1. Installation
PHP is a general-purpose programming language. While it originally only supported the paradigm of procedural programming, most PHP code that is written today leverages the language’s capabilities for object-oriented programming. As it is especially suited for web development, you probably made your first contact with PHP in an environment where PHP code is executed on a web server.
PHPUnit provides a framework for writing tests as well as a command-line tool for running these tests. Before we discuss obtaining and using PHPUnit, let us have a look at installing and configuring the PHP command-line interpreter.
PHPUnit 10 requires PHP 8.1; using the latest version of PHP is highly recommended.
PHP on the Command-Line
We start by installing PHP’s command-line interpreter as well as the PHP extensions required to use PHPUnit.

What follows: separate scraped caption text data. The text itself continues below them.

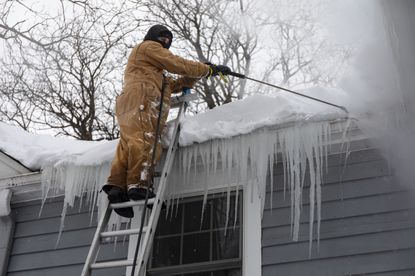 Tips On How To Prevent Roof Ice Dams During The Winter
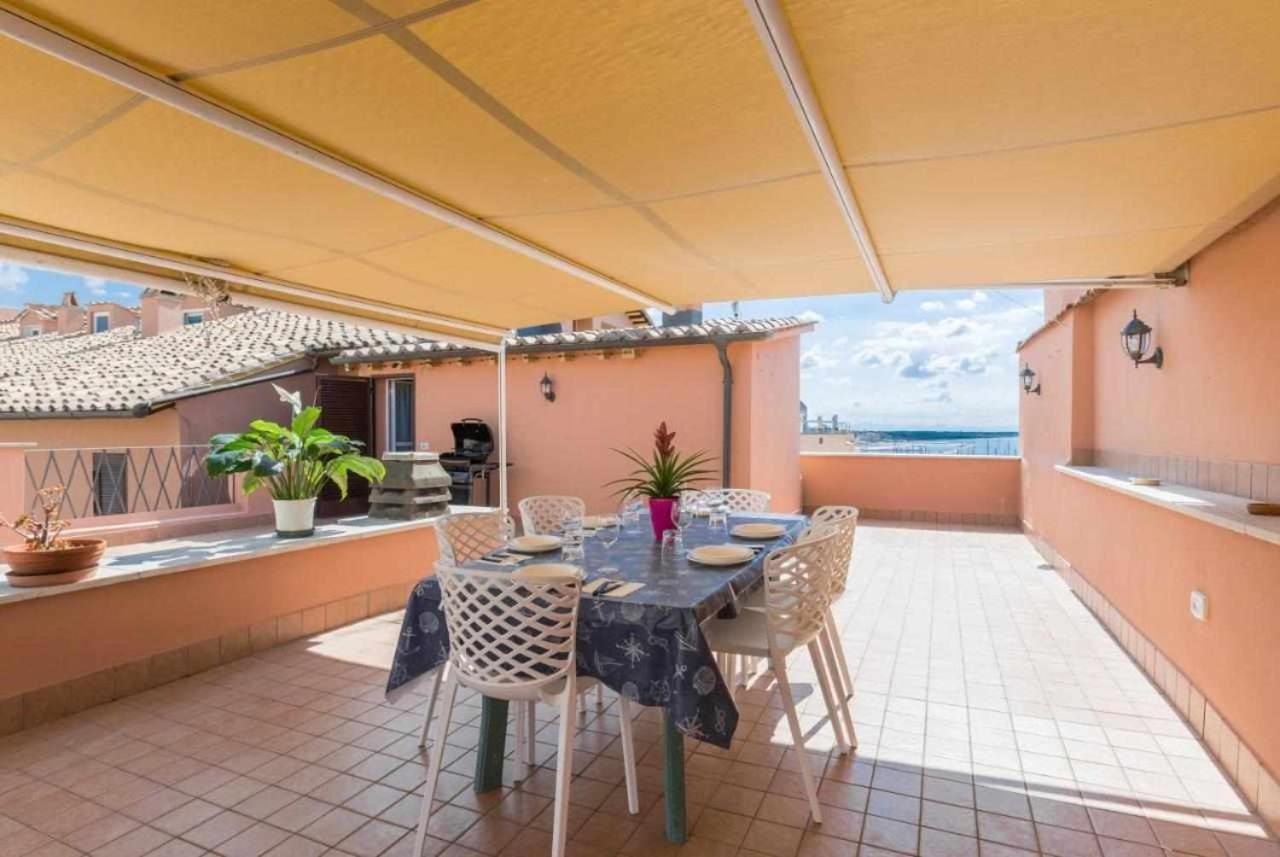 Апартаменты Attico Medieval Sea View Неттуно Экстерьер фото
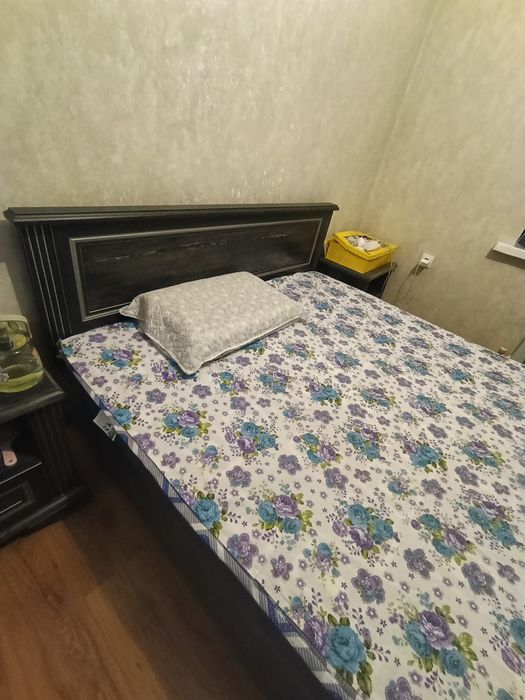 Продается двухспальная кровать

Installing the PHP Command-Line Interpreter
Fedora
At the time of writing, Fedora 37 is the current version of this Linux distribution. It ships with PHP 8.1 by default. Here is how you install PHP’s command-line interpreter together with the extensions required for PHPUnit:
sudo dnf install php-cli \
php-json \
php-mbstring \
php-process \
php-xml \
php-pecl-pcov \
php-pecl-xdebug
If you use an older version of Fedora then you should have a look at the package repository maintained by Remi Collet.
Debian
At the time of writing, Debian 11 is the current version of this Linux distribution. It ships with PHP 7.4 by default.
The package repository maintained by Ondřej Surý is commonly used for installing newer PHP versions on Debian. Here is how you can add this repository to your package manager configuration:
curl -sSL https://packages.sury.org/php/README.txt | sudo bash -x
sudo apt update
And here is how you install PHP’s command-line interpreter together with the extensions required for PHPUnit:
sudo apt install php-cli \
php-json \
php-mbstring \
php-xml \
php-pcov \
php-xdebug
Ubuntu
At the time of writing, Ubuntu 22.10 is the current version of this Linux distribution. It ships with PHP 8.1 by default. Here is how you install PHP’s command-line interpreter together with the extensions required for PHPUnit:
sudo apt install php-cli \
php-json \
php-mbstring \
php-xml \
php-pcov \
php-xdebug
If you use an older version of Ubuntu then you should have a look at the package repository maintained by Ondřej Surý.
macOS
The two most common ways to install PHP on macOS are using Homebrew and MacPorts. The instructions given below assume that you have Homebrew or MacPorts already set up.
Homebrew
If you use Homebrew, then the following command will install PHP 8.1:
brew install php@81
If you install PHP 8.1 with Homebrew, the following extensions required by PHPUnit are already installed and enabled by default:
dom
json
libxml
mbstring
xml
xmlwriter
If you want to collect code coverage information, you need to additionally install and enable one of the following extensions:
pcov
xdebug
If you use Homebrew, then the following command will install and enable the pcov
extension:
pecl install pcov
If you use Homebrew, then the following command will install and enable the xdebug
extension:
pecl install xdebug
MacPorts
If you use MacPorts, then the following command will install PHP 8.1:
sudo port install php81
If you install PHP 8.1 with MacPorts, the following extensions required by PHPUnit are already installed and enabled by default:
dom
json
libxml
xml
xmlwriter
You need to additionally install and enable the following extension:
mbstring
If you want to collect code coverage information, you need to additionally install and enable one of the following extensions:
pcov
xdebug
Windows
Native Binaries
The PHP Project provides native binaries for Windows at windows.php.net. Choose the appropriate binary package for your architecture (32-bit or 64-bit) and version of Windows and follow the installation instructions given on this website.
Enable the mbstring
extension by adding extension=mbstring
to the php.ini
configuration file used by the PHP command-line interpreter.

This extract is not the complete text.